I haven't done a full play through in quite a while. I'm pretty much just waiting for you guys to call the game done to go through it all again and actually read the content. Every time I try to pick it up (which is like maybe every 4 months) I'm just amazed at how much random content and branching storylines there are. It's too much lol. One thing I also hate personally is the dice rolling stat aspect of choices. Like.. If I'm going for a certain choice I'm just gonna save right before I make the choice anyway. It's just a hassle to make me jump through that hoop to make the choice I want to make.
When i first played the game years ago I thought the map exploration was cool. Now I just see it as another cumbersome aspect as well. I love the game overall and the world that was built, but if you guys are looking to trim the fat then.. these are my thoughts.
I'm in a similar boat. I'd probably played through the game at least a couple dozen times in the past. But it has been a good while since I last played (I'm too lazy to look up how long but it was around the start of the goblin arc). But now I'm content to wait for it to finish, while lightly keeping abreast of the development and discussions.
For the random mechanic, I'm kind of two minds on it. When I have a low or medium skill in something I don't really care if I fail. Like I tried, but I knew there was a decent chance of failure. But when I have a high skill, failing a check feels extra shitty. Like this is THE thing that my character is good at, wtf!? So I'll almost always save scrum those failures.

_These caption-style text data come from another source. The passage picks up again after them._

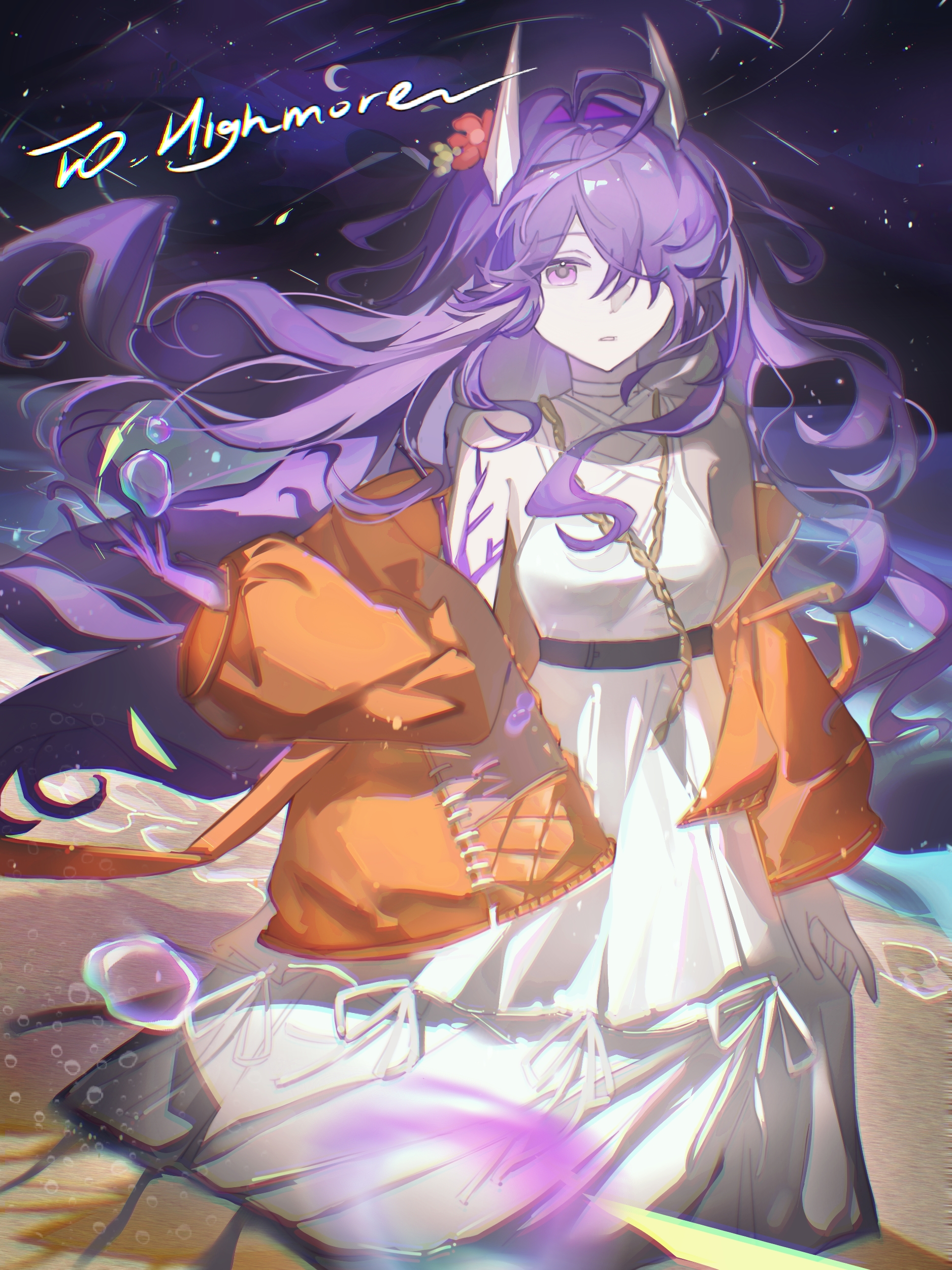highmore (arknights), highmore (stranded) (arknights), arknights, absurdres, chinese commentary, commentary request, highres, 1girl, bare shoulders, belt, black belt, blurry, character name, chromatic aberration, dress, floating hair, hair over one eye, horns, jacket, jiu yi wu, long hair, long sleeves, looking at viewer, off shoulder, official alternate costume, one eye covered, orange jacket, parted lips, pointy ears, puffy long sleeves, puffy sleeves, purple eyes, purple hair, solo, water, water drop, white dress, white horns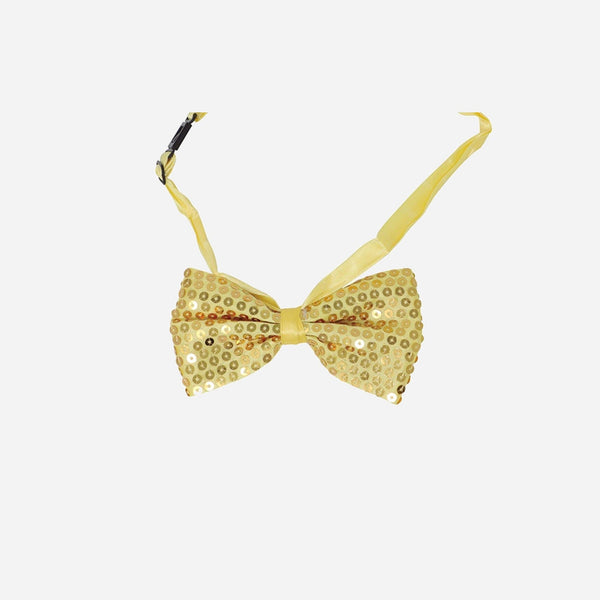 Noeud papillon à sequins or 13 × 7 cm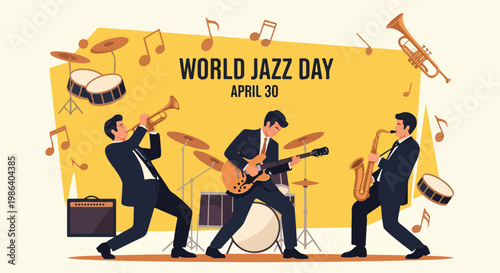 Jazz musicians celebrating International Jazz Day with musical instruments and sheet music
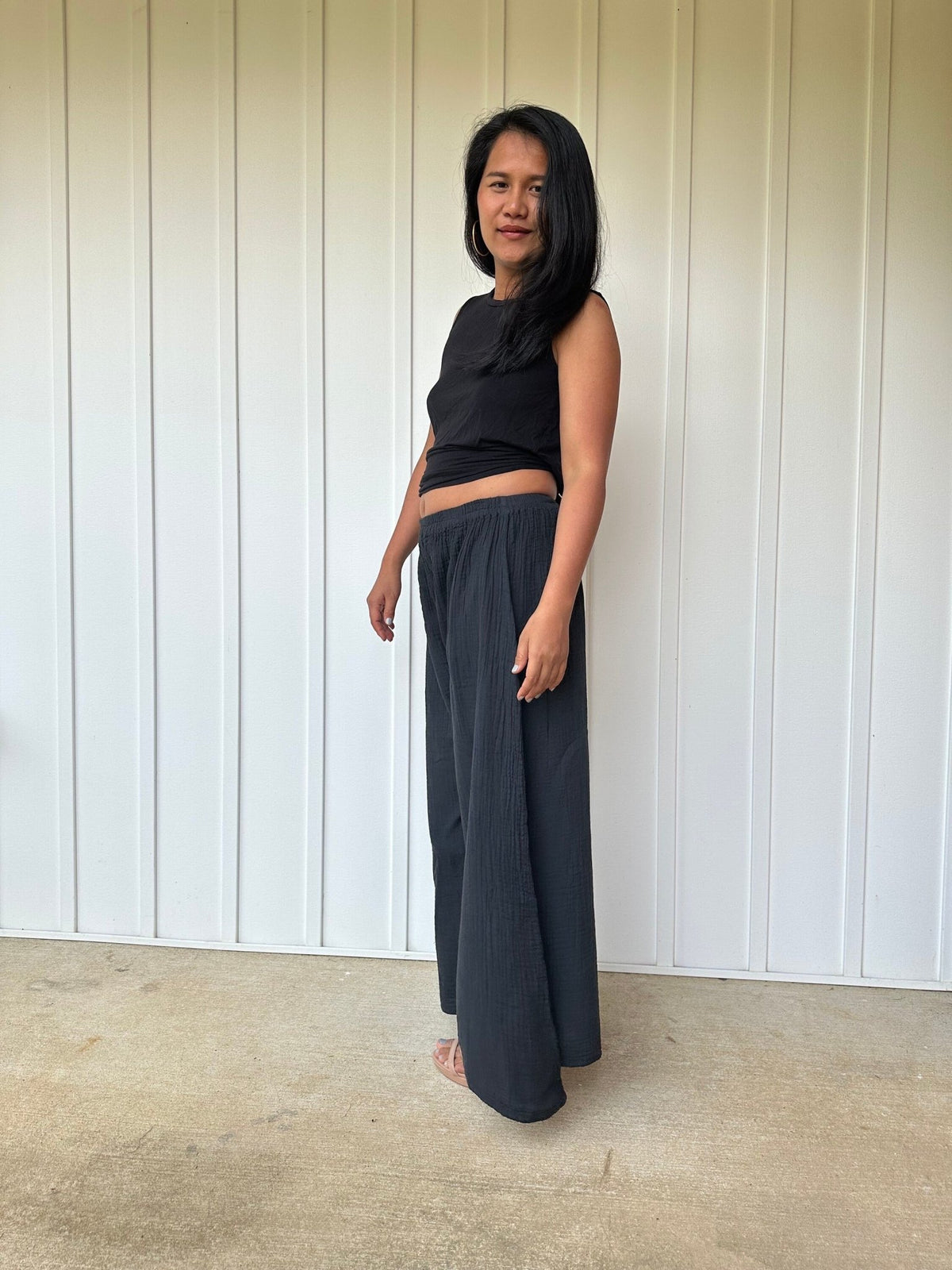 Vivian Wide-Leg Cotton Pants in Black-VV-4-Mala Handworks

I remember reading a post mortum on XCOM. In XCOM they show you the percentage chance of an attack succeeding. But they said that during play testing they regularly received complaints about the displayed percentages being wrong. So the devs looked into it and they found that it was working properly, yet they still received complaints about it. What they came to realize was that it was the player's perception that was off. If the game said you had an 85% chance to hit, then the character would hit 85% of the time, but it didn't FEEL like 85% of the time to the players. So what the Devs did is they just had the game lie to the player, so if the game said you had a 85% chance you would actually have something like a 95% chance. And just like that the complaints disapeared, now it
felt right.
I'm not saying that I think this game should do the same or anything. But randomness does have a risk of leaving players feeling cheated when they fail what "should have been a sure thing." Personally in story based games I'm more of a fan of threshhold checks. As in if you meet or pass the threashold number you pass the check and if you are under the threshold number you fail. It saves you from feeling like you got screwed over by a bad roll, and removes the temptation to waste time save scrumming till you pass.
But it is probably too late to change the central resolution mechanic of the game at this point. Though I wouldn't mind if they at least made how excactly the mechanic works a more tranparent to the player.